Simple gathering theorem: given topological subsets s \subseteq G and c \subseteq G such that \operatorname{feerate}(s) \geq \operatorname{feerate}(c) (or s = \varnothing or c = \varnothing) and \operatorname{feerate}(s) \geq \operatorname{feerate}(s \cap c) (or s \cap c = \varnothing), it holds that \{\varnothing, s, c \cup s, G\} \gtrsim \{\varnothing, c, G\}.
- Proof: this is a simplification to 2 sets of the earlier set gathering theorem, plus covering the case where \operatorname{feerate}(c) < \operatorname{feerate}(G) which is trivial.
Supreme subset theorem: given a set C = \{c_1, c_2, \ldots, c_n\} of c_i that are all topological subsets of a non-empty graph G, there always exists a non-empty topological subset s of G such that \{\varnothing, s, c_i \cup s, G\} \gtrsim \{\varnothing, c_i, G\} for all i = 1 \ldots n.
- Proof: pick s to be the highest feerate non-empty intersection between any combination of c_i's, plus G, and apply the simple gathering theorem (no intersection between s and c_i can have higher feerate than s, because that intersection would have been picked as s instead).
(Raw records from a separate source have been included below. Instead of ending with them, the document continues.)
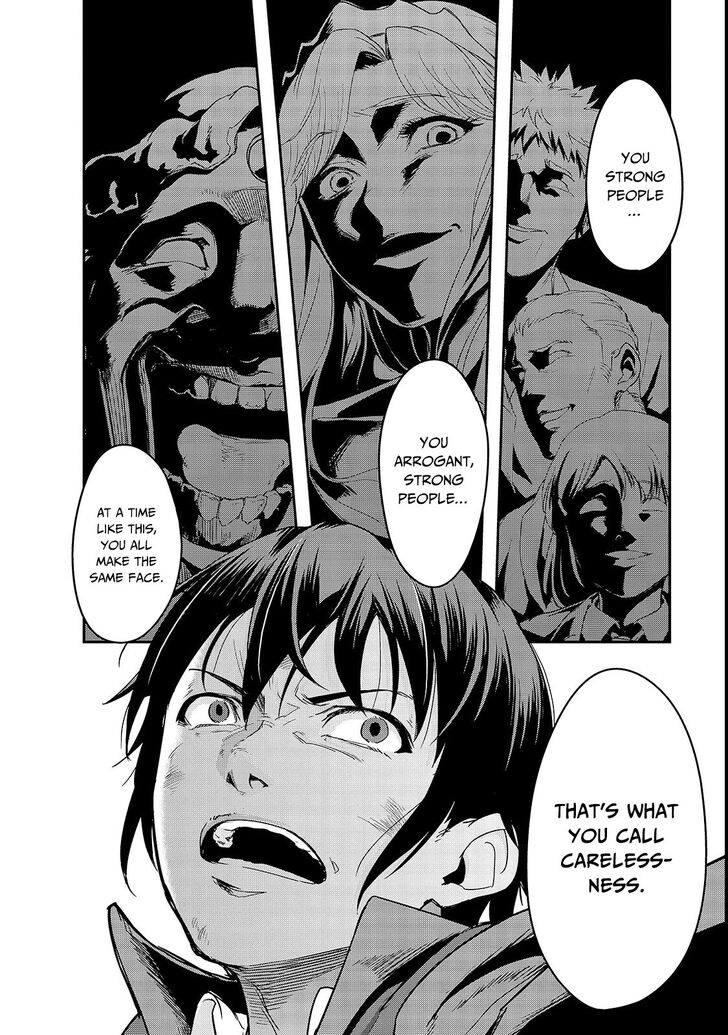 Failure Frame, Chapter 4 image 20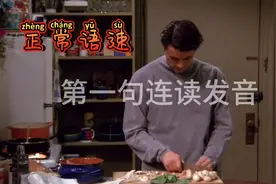 连读发音when you were a little kid单句反复听，注意were a发音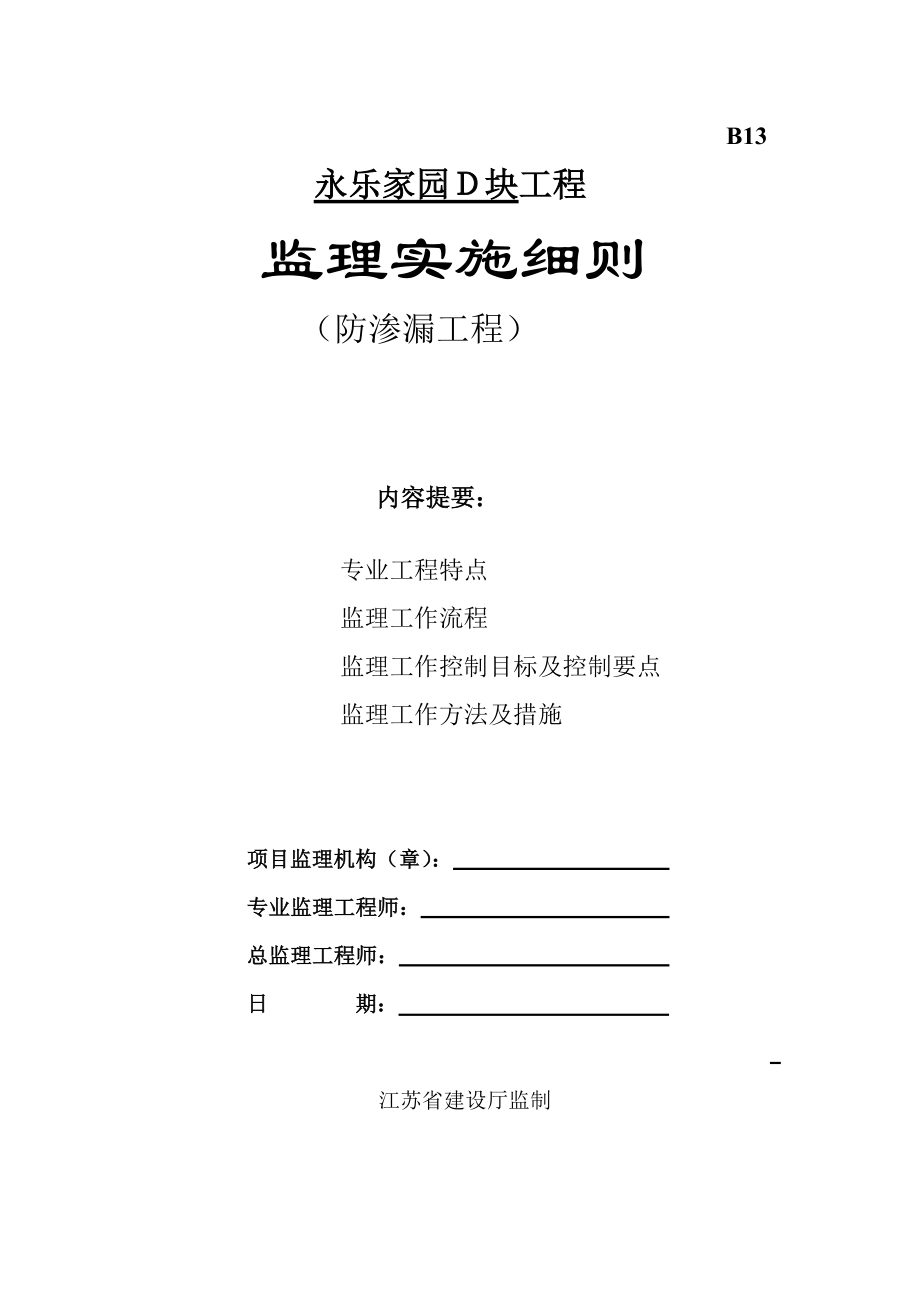 永乐家园Ｄ块工程义防渗漏工程监理细则_第1页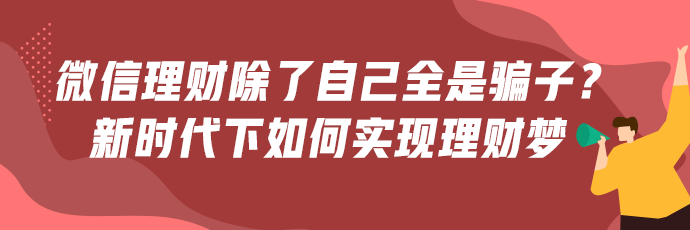 微信理財群除了自己全是騙子？新時代下如何才能正確理財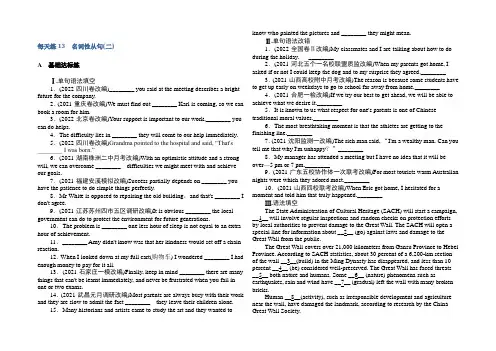 2022《试吧》高中全程训练计划·英语天天练13名词性从句(二) Word版含解析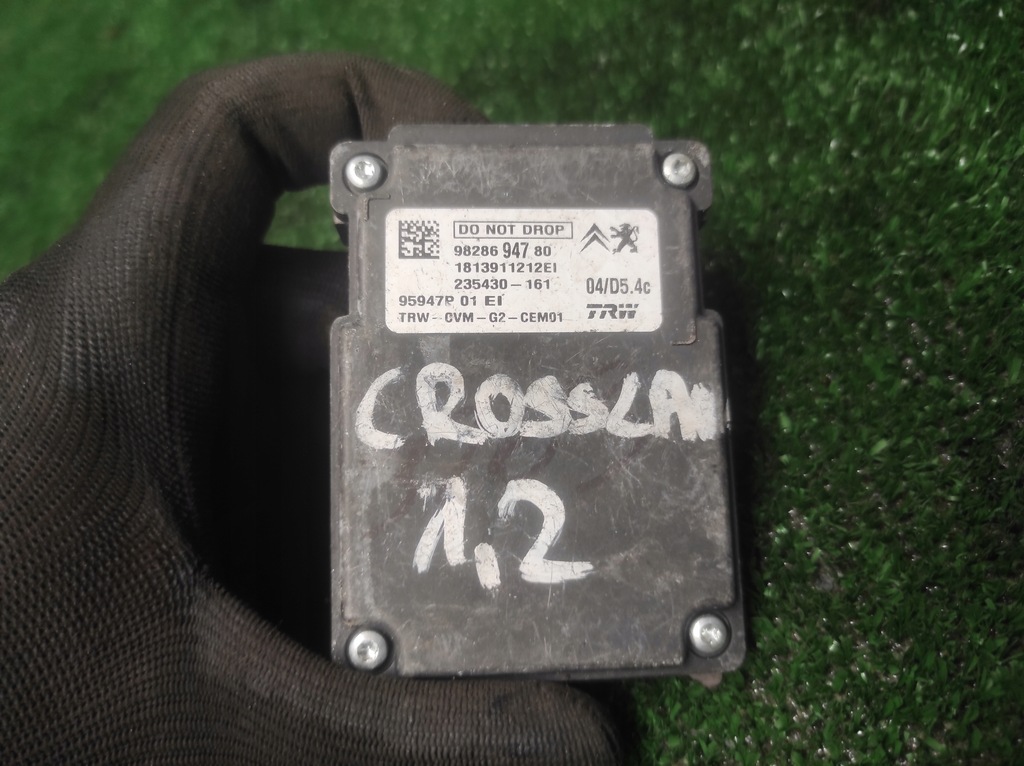 фото №2, Opel crossland камера асистент поперечина руху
- Note that this is not necessarily the only set which satisfies the \{\varnothing, s, c_i \cup s, G\} \gtrsim \{\varnothing, c_i, G\} conditions, and others may be computationally cheaper to find.
Composition algorithm: Define \operatorname{compose}(G, C) for a graph G and a set of topologically valid subsets C = \{c_1, c_2, \ldots, c_n\} for it as follows:
- If G = \varnothing, return \{\varnothing\}, the only valid guide for G.
- Otherwise, find a non-empty topological s such that \{\varnothing, s, c_i \cup s, G\} \gtrsim \{\varnothing, c_i, G\} for all i, which by the supreme subset theorem always exists. Let C' = \{c_1 \setminus s, c_2 \setminus s, \ldots, c_n \setminus s\}. Let L' = \operatorname{compose}(G \setminus s, C'). Return L = \{\varnothing\} \cup \{\forall x \in L' : x \cup s\}.
Composition theorem: Given C = \{c_1, c_2, \ldots, c_n\} of topological subsets of a graph G, \operatorname{compose}(G, C) \gtrsim \{\varnothing, c_i, G\} for all i = 1 \ldots n. In other words, \operatorname{diag}_{\operatorname{compose}(G, C)}(\operatorname{size}(c_i)) \geq \operatorname{fee}(c_i) for all i.
- Proof: we know by induction that L' \gtrsim \{\varnothing, c_i \setminus s, G \setminus s\} for all i. From the common subset theorem it follows that L \gtrsim \{\varnothing, s, c_i \cup s, G\}. Because of the properties of s we know that \{\varnothing, s, c_i \cup s, G\} \gtrsim \{\varnothing, c_i, G\}. Together it follows that L \gtrsim \{\varnothing, c_i, G\}.
- Merging of two guides L_1 and L_2 is now effectively applying composition to C = L_1 \cup L_2, with a specialized \mathcal{O}(n) complexity s-finding algorithm.
- LIMO can be seen as a variant of composition, with C = L \cup \{S_1, S_2, \ldots\}, but where the recursion doesn’t operate on exactly C', but the S_i get replaced with (hopefully better) subsets every iteration.